Following python libraries are necessary for the project
- NumPy: is the fundamental package for scientific computing in Python. It is a Python library that provides a multidimensional array object, various derived objects (such as masked arrays and matrices), and an assortment of routines for fast operations on arrays, including mathematical, logical, shape manipulation, sorting, selecting, I/O, discrete Fourier transforms, basic linear algebra, basic statistical operations, random simulation and much more.
- PyTorch: is an open source machine learning library based on the Torch library used for applications such as computer vision and natural language processing.It is free and open-source software released under the Modified BSD license. PyTorch provides tensor computing (like NumPy) with strong acceleration via graphics processing units (GPU).
- Trasformer: provides thousands of pretrained models to perform tasks on different modalities such as text, vision, and audio. Transformers provides APIs to quickly download and use those pretrained models on a given text, fine-tune them on your own datasets and then share them with the community on our model hub. Transformers is backed by the three most popular deep learning libraries — Jax, PyTorch and TensorFlow — with a seamless integration between them.

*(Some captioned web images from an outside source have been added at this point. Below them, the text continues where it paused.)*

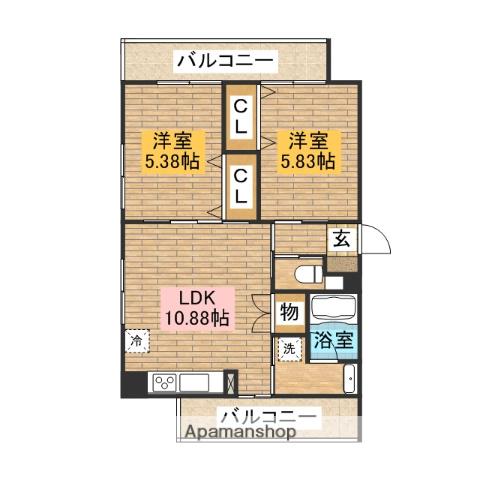 ハイツカトレヤ(2LDK/12階)の間取り写真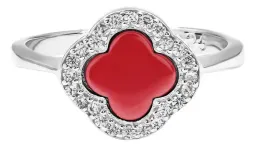 Anillo Plata .925 Trébol Esmaltado Rojo con Zirconia para Mujer - Imagen 2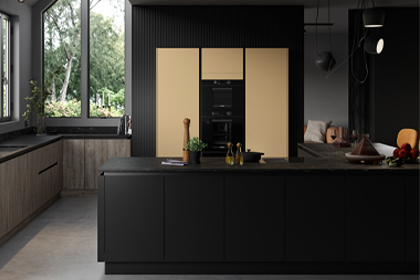 Black handleless kitchen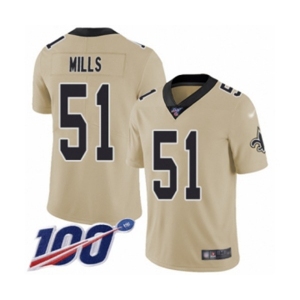 Men's New Orleans Saints #51 Sam Mills Limited Gold Inverted Legend 100th Season Football Jersey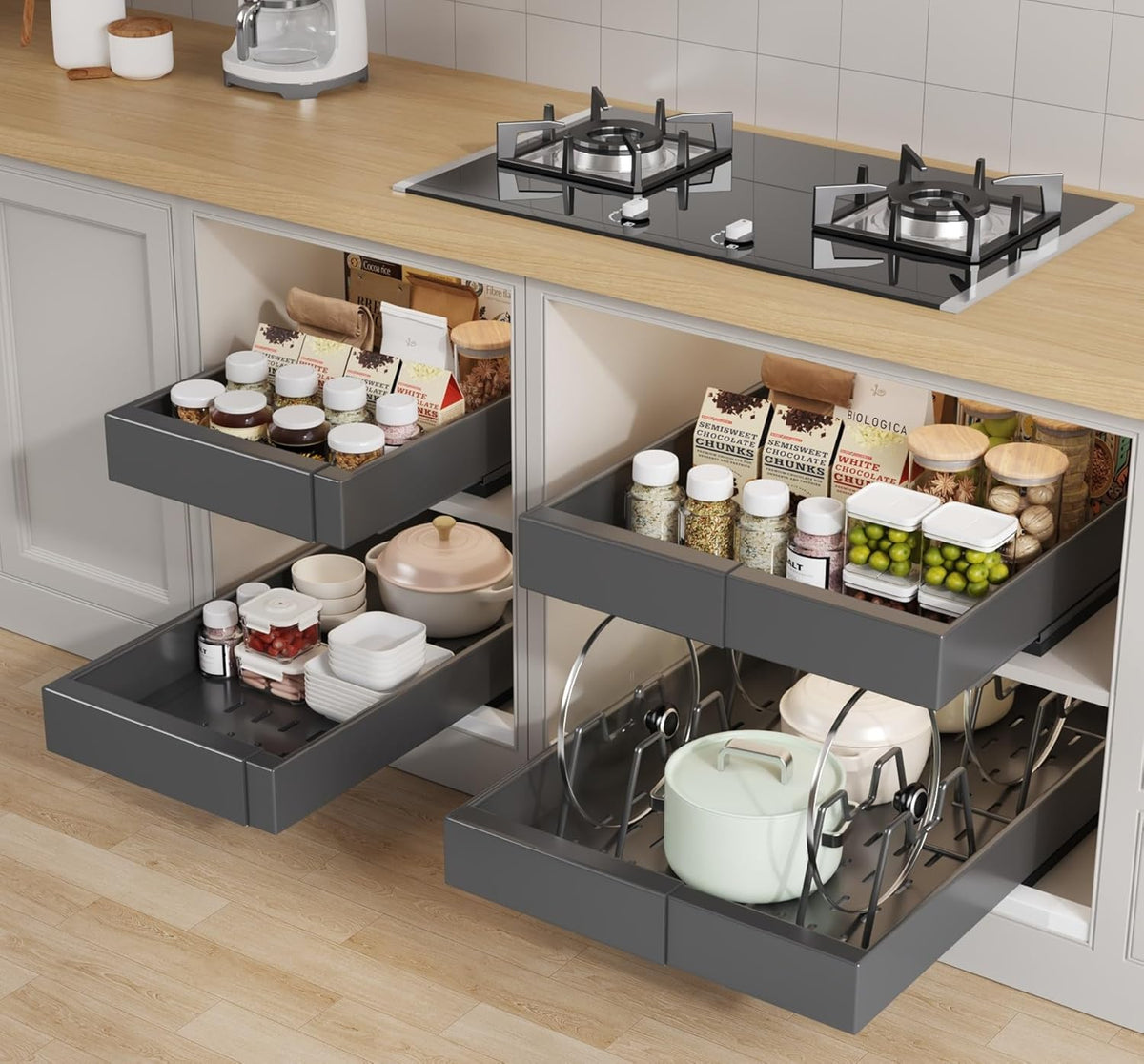 Pull out Cabinet Organizer 21"Deep with 4 Adjustable Dividers,Expandable（12.1"-20.4"W） Pots and Pans Organizer Under Cabinet with Raising Pad for Framed Cabinets,Slide out Drawers,White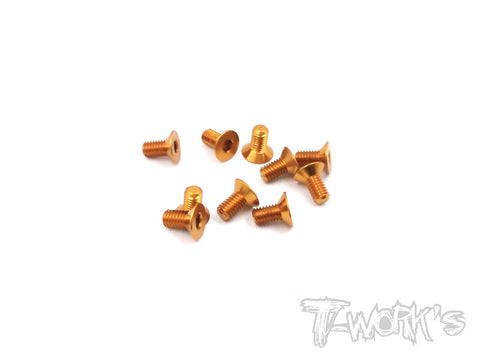 ASS-306CO 7075-T6 Hex. Countersink Screw (Orange) 3mm x 6mm 10pcs.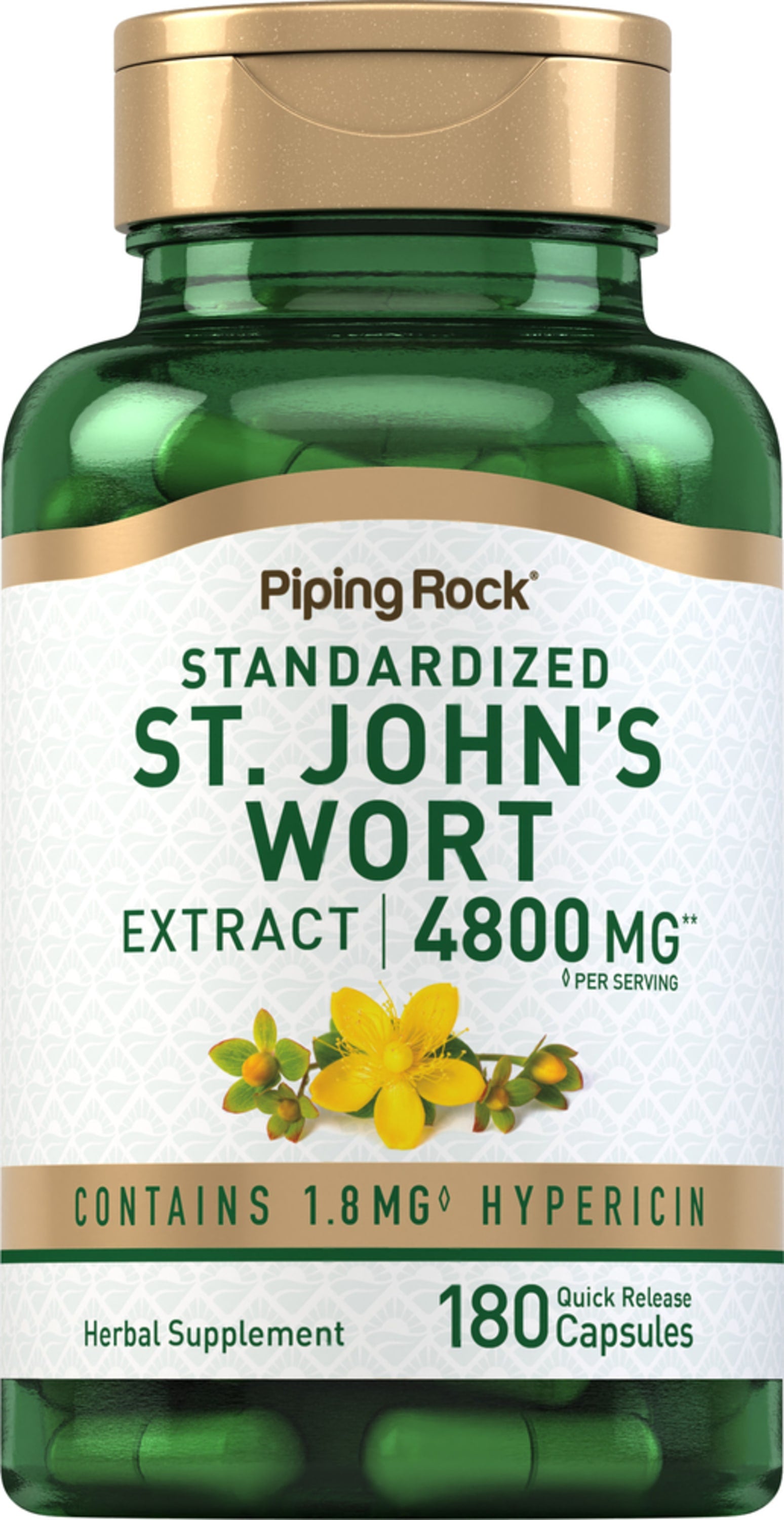 St. John's Wort Extract at 4800 mg per serving, standardized to 1.8 mg Hypericin, in 180 Quick Release Capsules.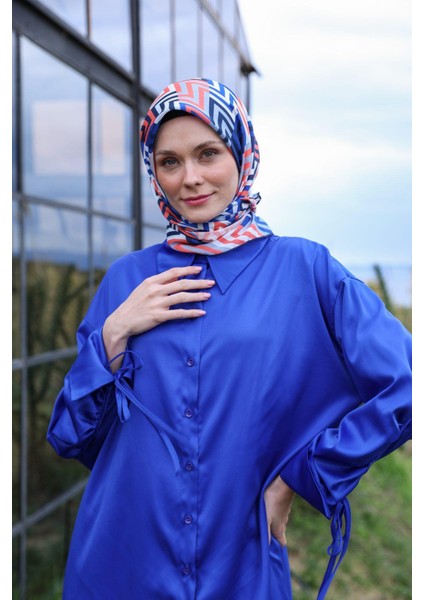 Lunaliner Desen Soft Eşarp Turuncu Lacivert 1166-01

User can provide to the script a csv file in which each line is a json content structure as below:
- user_id: alphanumeric user id
- uuid: message unique id
- text: message text
- meta1: optional field
- meta2: optional field
Python script after read json and load AI model will predic sentiment foreach row, then a new json content is create foreach line, below contents are added:
- tz_sa: timestamp sentiment evaluation (ISO DATE 8601, es: 2022-01-04T01:30:08+01:00)
- sentiment: negative | positive
- sentiment_value: percentage sentiment forecast
At the end a new csv file with new json content is created.